Innovation Comes from Customers

Innovation comes from customers…or so Harvard thinks.

Aha moments rarely come without some sort of problem you are trying to solve and there is no greater ‘problem creators’ than your customers. Twitter is a perfect example of this. They will think of things you never thought of and use your products in ways you’ve never imagined. Learn to harness this phenomenon and you’re on your way to having a more innovative company.
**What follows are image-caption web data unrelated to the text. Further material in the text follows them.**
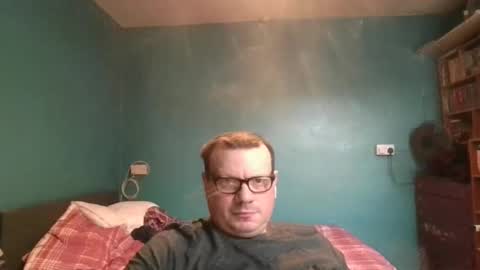 Snapshot of bidan1986 chatting on February 13, 11:17 am bigdan1986 online show from February 13, 11:17 am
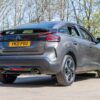 Citroen C4 YM21PVU f24ffc937ef74008b5550f71ab0bc3ed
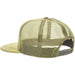 Kavu Foam Dome Hat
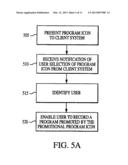 ENABLING PROGRAMMING OF RECORDINGS diagram and image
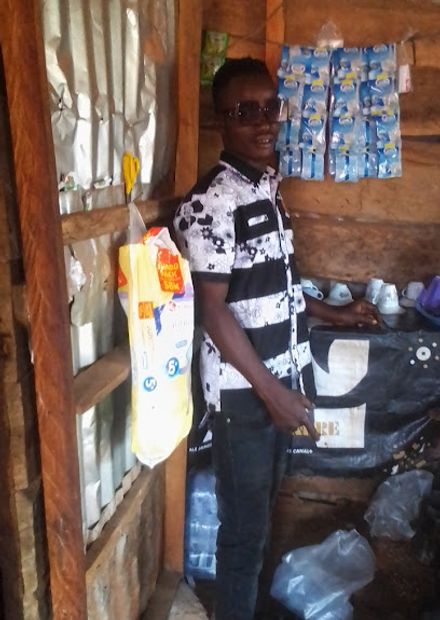 photo
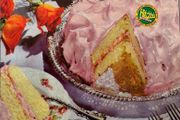 A Sub Pop 90s grunge album for just ten euros! Jale - Dreamcake. 1994 release by Canadian all-girl alternative act. Perfect condition. Bargain!
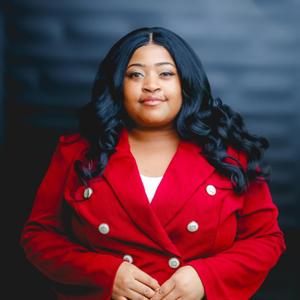 THE DAILY BREAD WITH THUBA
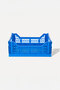 403014   Midibox Blue Foldable Case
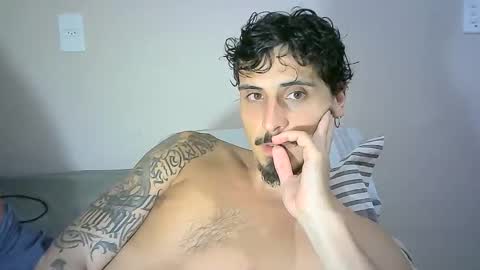 milkoffee online show from 12.12.24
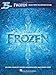 Frozen: Music From The Motion Picture For Five-Finger Piano by Robert Lopez, Kristen Anderson-Lopez
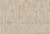 fisuon_beige.webp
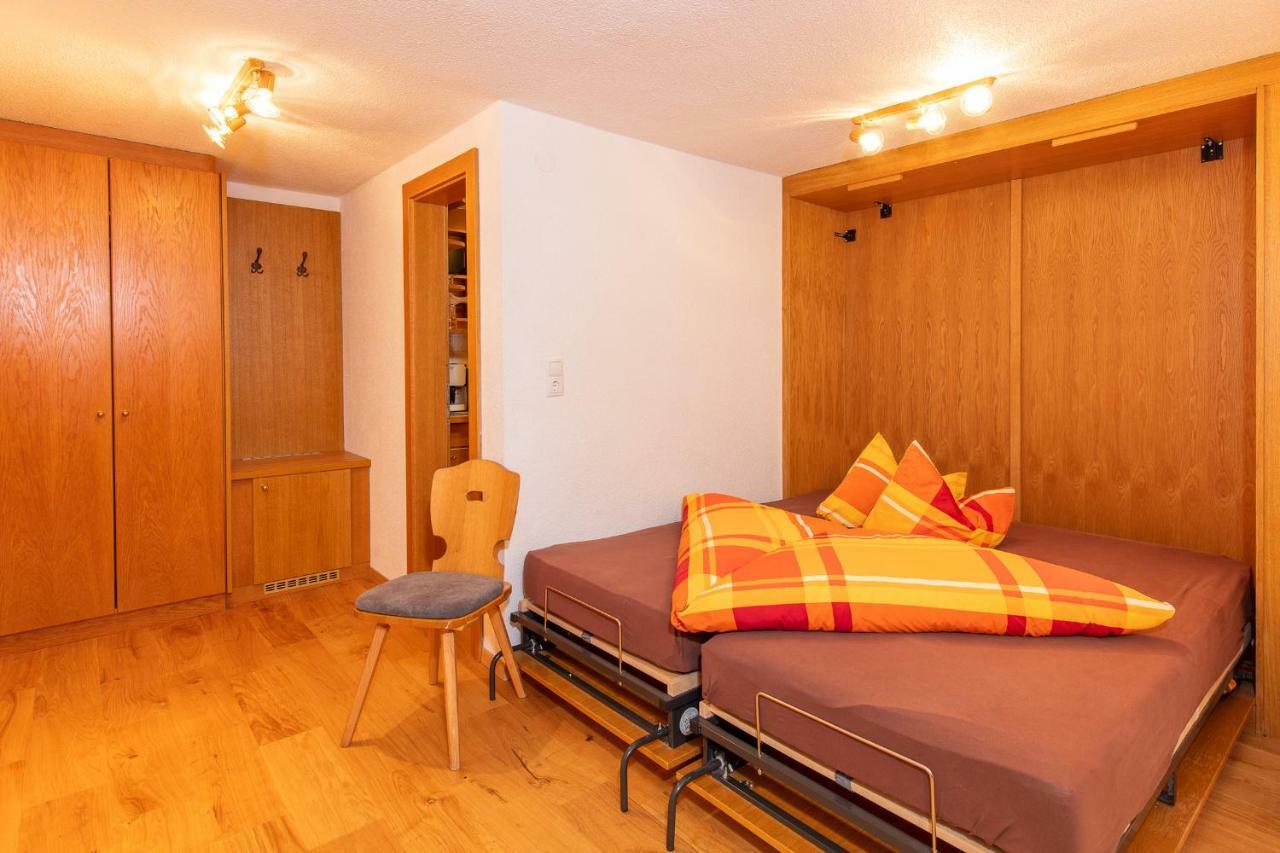 Haus Saskia Ζόλντεν Εξωτερικό φωτογραφία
For example, imagine you have a customer who wants software that allows appointments to be setup online. “No one has it” he says, but he wants it. So an innovator would make it, have it made, or find it, and then package it and sell it to other sites. That’s how innovation from the customer makes your company more innovative.

But you have to execute.

It’s easy to create a plan, the hard part is executing it. One trap a lot of companies (people) fall into is creating the structure around innovation or a new project in the hopes that once the structure is in place the new product will almost make itself. “After [that] it’s just ‘plug and chug’,” they say. Executors know that you have to do the plug and chug part too even if that means hiring out or outsourcing to do so. The plug and chug-level work should be a matter of following procedures in a well-defined structure. The creators, designers, and innovators at a company usually like to create the structure, but have trouble filling it in. Either learn to get around this psychological gap or find someone else to finish/maintain the job for you.